Thank you for your reply. What I want to discuss is not the leader election switch, but how to ensure data consistency before and after migration without stopping writes when a region with write capability is migrating from a high-load node to a low-load node.

| username: Kongdom | Original post link

It should also be controlled by TSO for different versions and transactions.

| username: TiDBer_7N2ShMS5 | Original post link

Could you please elaborate a bit more?

| username: TiDBer_7N2ShMS5 | Original post link

Does anyone know? Is the post going to sink? :joy:

| username: Soysauce520 | Original post link

Raft log

| username: TiDBer_7N2ShMS5 | Original post link

Could you please elaborate?

| username: Soysauce520 | Original post link

Writing to a region also involves writing the Raft log first. You can check this document on high concurrency best practices. High concurrency writes are definitely inseparable from scheduling and elections. There are also parameters for controlling scheduling in pd-ctl, you can take a look.
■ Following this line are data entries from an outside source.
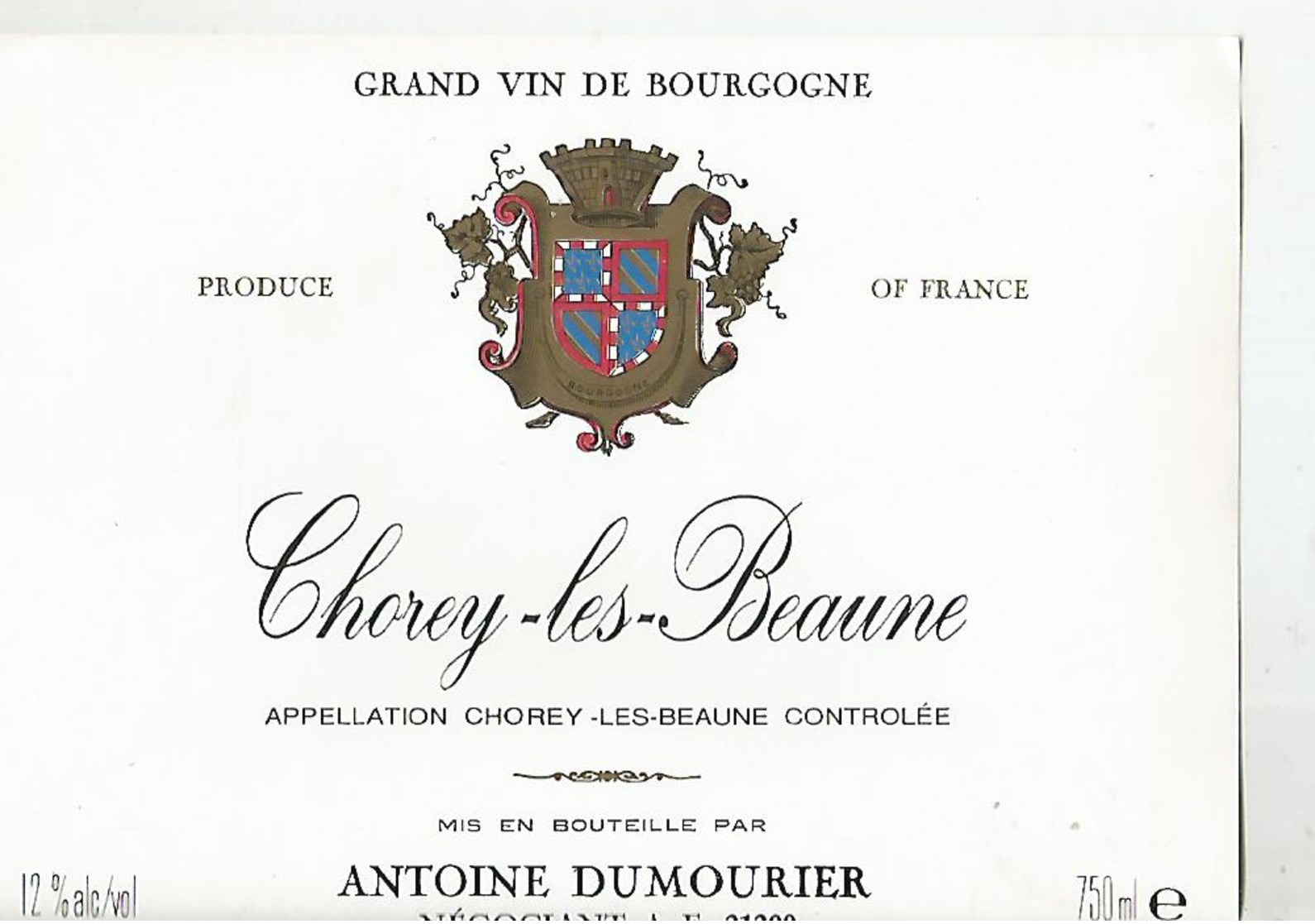 Etiquette Chorey Les Baume Antoine Dumourier - Bourgogne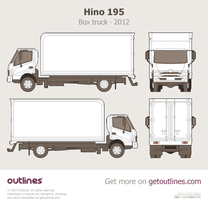 2015 Hino 195 1 Gen Facelift '21 Box Truck Heavy Truck blueprint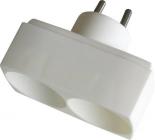 Forgrenerled 2xRunde uden jord, dobbeltstik hvid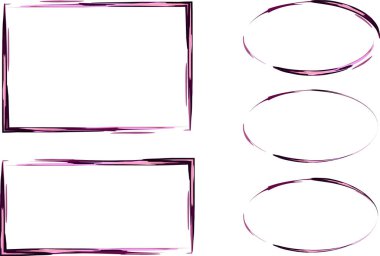 pembe mor renkli karalanmış soyut tasarım çerçeveleri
| username: TiDBer_7N2ShMS5 | Original post link

Thank you for the reply, but this document still doesn’t solve my question. The article is rather vague, it only mentions splitting the region through split, but doesn’t go into detail on how to schedule and maintain data consistency.

| username: Kongdom | Original post link

Check this out:

| username: Soysauce520 | Original post link

Therefore, during the scheduling process, the original node will still receive write requests. Will the corresponding data writes be prohibited during the scheduling process? This will not prohibit writes because it involves writing logs. First, the Raft log is written, and later the region applies the log. The region scheduling and log application should be viewed separately. Data is not directly written to the region.

| username: TiDBer_7N2ShMS5 | Original post link

I don’t quite understand what “subsequent Region application logs” means. Is the region after scheduling a follower of the region before scheduling?

| username: TiDBer_7N2ShMS5 | Original post link

Sir, I’m not very familiar with the TIKV code. After reading it several times, I feel that each time a leader region is scheduled, a follower state peer is first added on the target Store, then data is synchronized, then this peer is made the new leader, and finally the old leader is removed. Is that correct? Please correct me if I’m wrong!

| username: 大飞哥online | Original post link

The general process is to first switch to another follower with a low load to take over the leader; then find another server with a low load, create a replica, and after the raft synchronization is complete, delete the initially high-load replica. That’s roughly the process.